LLCs can provide significant asset protection advantages. A creditor of an owner of a corporation (that is, a creditor of a stockholder) often can gain control of a corporation by getting control of the owner’s stock. Creditors will have a much more difficult time gaining control of an LLC. Thus, many business owners now prefer to form an LLC instead of a corporation when the need for an additional entity arises.
3. Insurance. Review all of your business insurance with both your attorney and your insurance agent. Since your attorney is not selling any insurance products, he or she can often provide an objective review of the types and amount of your business insurance. Having adequate insurance is one of the most important (and generally one of the most cost effective) ways to provide protection for your business.
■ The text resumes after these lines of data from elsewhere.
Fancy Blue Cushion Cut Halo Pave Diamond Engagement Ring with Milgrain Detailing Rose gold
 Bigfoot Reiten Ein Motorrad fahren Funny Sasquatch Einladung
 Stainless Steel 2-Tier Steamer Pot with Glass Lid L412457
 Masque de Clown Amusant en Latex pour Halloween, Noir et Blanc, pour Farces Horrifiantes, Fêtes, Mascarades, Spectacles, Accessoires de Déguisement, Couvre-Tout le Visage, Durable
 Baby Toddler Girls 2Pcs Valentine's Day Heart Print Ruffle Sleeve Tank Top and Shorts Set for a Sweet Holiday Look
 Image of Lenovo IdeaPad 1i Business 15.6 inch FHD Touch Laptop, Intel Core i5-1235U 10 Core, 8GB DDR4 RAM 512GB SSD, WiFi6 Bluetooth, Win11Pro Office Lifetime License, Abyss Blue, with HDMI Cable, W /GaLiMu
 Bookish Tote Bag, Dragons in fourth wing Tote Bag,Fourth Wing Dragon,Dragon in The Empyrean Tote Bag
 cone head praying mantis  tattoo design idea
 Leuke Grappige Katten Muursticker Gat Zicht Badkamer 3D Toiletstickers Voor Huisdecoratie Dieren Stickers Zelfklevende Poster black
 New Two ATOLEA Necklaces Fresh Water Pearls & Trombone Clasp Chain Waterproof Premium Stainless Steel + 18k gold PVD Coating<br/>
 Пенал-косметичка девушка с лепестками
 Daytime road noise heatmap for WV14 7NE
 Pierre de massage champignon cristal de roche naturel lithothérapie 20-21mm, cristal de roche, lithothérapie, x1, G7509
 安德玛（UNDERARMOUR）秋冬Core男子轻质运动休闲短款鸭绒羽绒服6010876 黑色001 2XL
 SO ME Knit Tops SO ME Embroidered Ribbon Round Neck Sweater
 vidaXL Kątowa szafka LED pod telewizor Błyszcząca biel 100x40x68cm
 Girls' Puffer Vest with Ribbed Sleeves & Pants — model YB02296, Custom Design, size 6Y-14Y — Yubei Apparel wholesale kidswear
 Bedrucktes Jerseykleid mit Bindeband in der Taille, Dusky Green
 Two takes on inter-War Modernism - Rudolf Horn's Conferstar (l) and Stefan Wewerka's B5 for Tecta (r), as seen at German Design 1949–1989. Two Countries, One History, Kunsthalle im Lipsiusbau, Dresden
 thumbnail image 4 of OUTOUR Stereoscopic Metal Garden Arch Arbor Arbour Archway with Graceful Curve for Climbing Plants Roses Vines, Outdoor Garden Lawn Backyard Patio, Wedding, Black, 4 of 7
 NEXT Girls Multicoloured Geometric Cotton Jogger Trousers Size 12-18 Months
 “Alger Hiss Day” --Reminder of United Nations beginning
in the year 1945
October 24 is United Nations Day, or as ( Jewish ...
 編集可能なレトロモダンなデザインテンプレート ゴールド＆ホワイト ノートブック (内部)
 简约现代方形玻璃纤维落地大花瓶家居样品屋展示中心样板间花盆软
4. Update Corporate Records and Follow Required Formalities. Many closely held businesses do not keep their corporate record books up to date. In the event of a lawsuit against the company, a plaintiff’s attorney can attempt to “pierce to corporate veil”. This means the corporation will essentially be ignored and the owners (shareholders) will be personally liable for the corporate debts. Following basic corporate formalities, including
- Holding an annual shareholders meeting;
- Holding regular meetings of the Board of Directors;
- Avoiding any mixing of personal and corporate assets; and
- Keeping corporate records up to date.
will all help to insure that the assets of the owner(s) of the business are insulated from any judgment against the business. One of the many advantages of an LLC over a corporation is that LLCs require fewer formalities in both their organization and operation. However, piercing of the LLC veil is also possible under various circumstances, including inadequate capitalization or failure to maintain a separate indentity (for example, failing to have a separate bank account for the LLC).
5. Business Succession Plan. Many business owners lose sleep worrying about lawsuits and other potential legal claims. While these concerns are often justified, more businesses collapse from lack of a business succession plan than from a lawsuit bought by a party unrelated to the business. Lack of such a plan can lead to fights among family members, including litigation, which can be disastrous at both a business and a personal level. Paying attention in advance to at least some form of succession plan can save an enormous amount of trouble later. Life insurance should be considered as one part of the business succession arrangement. Good business succession planning is also a form of asset protection planning.
6. General Legal Review of Business Operations. Is your business in compliance with applicable employment laws and other regulatory requirements? Has your employee manual been reviewed recently? One lawsuit will likely cost far more than a basic legal compliance review. A legal “check up” is like a medical check up: identifying one or more serious problems and taking care of them now can avoid a much greater problem later.